The more surprising thing is that Mr.Graham seemed shocked at the response such a sound byte seem to have generated. While a significant chunk of the responses have been simply people being angry, a couple of smart people have touched on how someone as notorious as Mr.Graham is still propagating stereotypes and providing more ammo for those who are truly racist and short-sighted. My personal qualm has been more about the haphazard way Paul Graham seems to throwing around phrases with a false sense of authority without realizing their implications or really grasping the content matter at hand fully.

Going back to the aforementioned quote, Mr.Graham himself mentions that he’s not sure what actually causes entrepreneurs with strong foreign accents to fail and enumerates a couple possible explanations. In other ways, we have an interesting phenomenon, a couple possible explanations, and some preliminary data. This is an interesting pattern that should be familiar with anyone with a half a brain but a college education would help too. This is where a person would simply engage in what’s a battle-tested way to solve this problem; apply science! Or more specifically, simply apply the scientific method, test your hypothesis, measure your data, rule out other possible explanations such as confounding variables, rinse, repeat, until there’s a reasonable level of confidence.

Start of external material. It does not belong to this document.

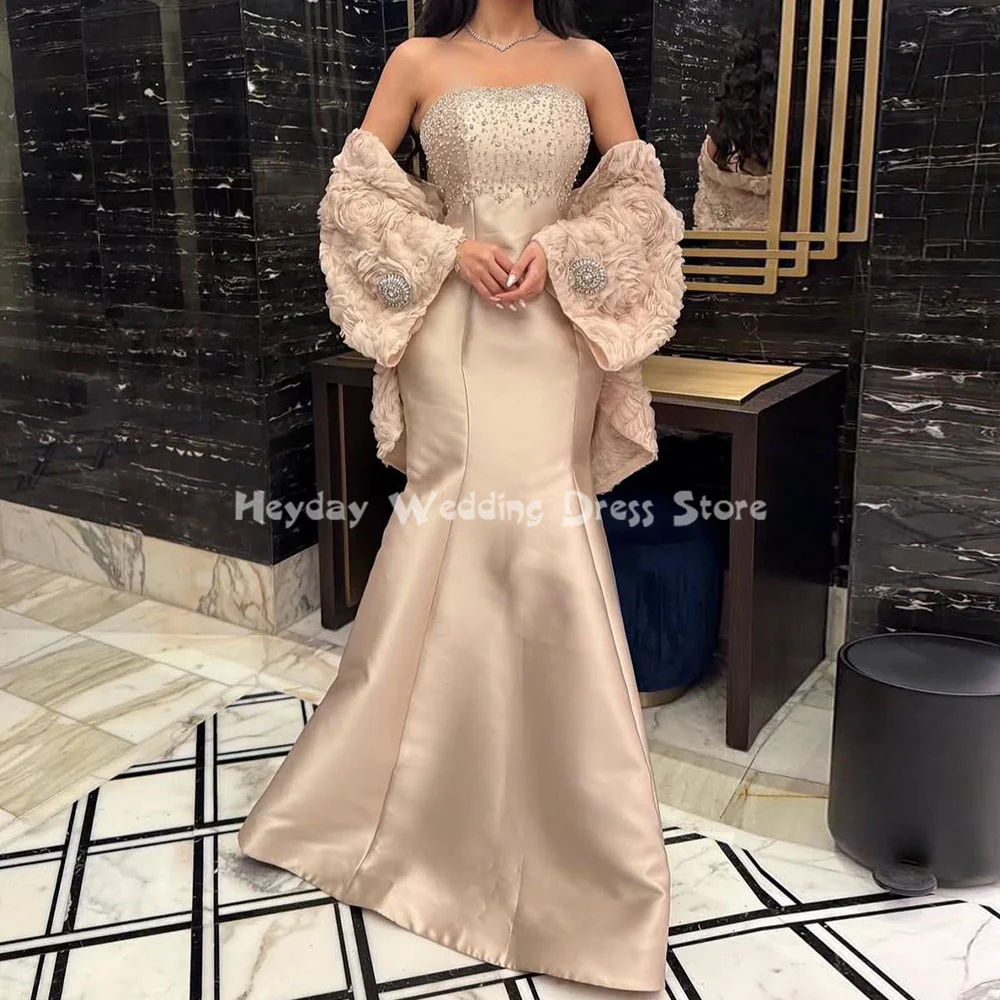 

Heyday Women's Satin Strapless Beaded Mermaid Saudi Evening Dresses Sleeveless With 3D Flowers Shawl Formal Elegant Dresses 2025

And in fact, Mr.Graham does seem to understand this also. Reading his response piece, he alludes that he has in fact some data on this:

We have a lot of empirical evidence that there’s a threshold beyond which the difficulty of understanding the CEO harms a company’s prospects. And while we don’t know exactly how, I’m pretty sure the problem is not merely that investors have trouble understanding the company’s Demo Day presentation”

Note the phrases like “empirical evidence” and “threshold”. I’ll give you a freebie; while common among the nerderati, regular people don’t generally speak with such scientific terms. In fact, anytime someone invokes jargon, you can assume that they are trying to raise the level of conversation to a higher plane, where they are either trying to make a better point or simply coming down to crush you (although in common conversation, it’s a pretty big faux pas). It’s admirable that Mr.Graham is trying to argue that he’s basing his arguments on evidence but when he comes up pretty short when he tries to draw the all mighty scientific sword to cut over the controversy which has surely has been hurting him, personally and financially.

Scientific method, while far being perfect, is simply the best tool we have at hand so far to establish some resemblance of truth and figure out causal relations (Although you’d be surprised how many big areas with rich scientific evidence are still very highly contested). But scientific method requires not only using the correct terminology, but actually doing the walk also. More specifically, the empirical evidence Mr.Graham mentions is worth next to nothing unless he’s willing to share the data he has collected publicly, along with his methods and have them peer reviewed. Again, if you think I’m actually creating a straw man where there’s none (since Mr.Graham never actually said that he’s doing “science”), I’d just urge you to look at the definition of the word “empirical”, read that sentence to yourself couple times out loud and come to your own conclusion as to why Mr.Graham used such language.

Paul Graham, in his response, clearly argues that he has no problem with accents per se but it’s actually when people have such strong accents that it’s hard to understand them, it’s an issue.

Everyone got that? We all agree accents are fine? The problem is when people can’t understand you.

Putting aside the curiously defensive tone with those question marks, this again makes me think that Mr.Graham doesn’t fully understand how accents work or how people will inevitable understand his messages.

Over the course of my life, as my Turkish accent has become less noticeable, I noticed that some people are simply better at understanding different accents and some people even understand different accents than others; in other words, it’s pointless to argue that there’s a discrete point after which an accent becomes less or more understandable to anyone. After a strenuous workout, even my college girlfriend had hard time understanding me while my Mexican roommate never missed a beat. I still don’t fully understand some Southern accents and neither do my friends who have never left California their entire lives. Some people’s Russian accent still trip me up but I am a sucker for French accent and the New England accent is still bit of a mystery to me (I kid, kind of) but I’m getting better at it.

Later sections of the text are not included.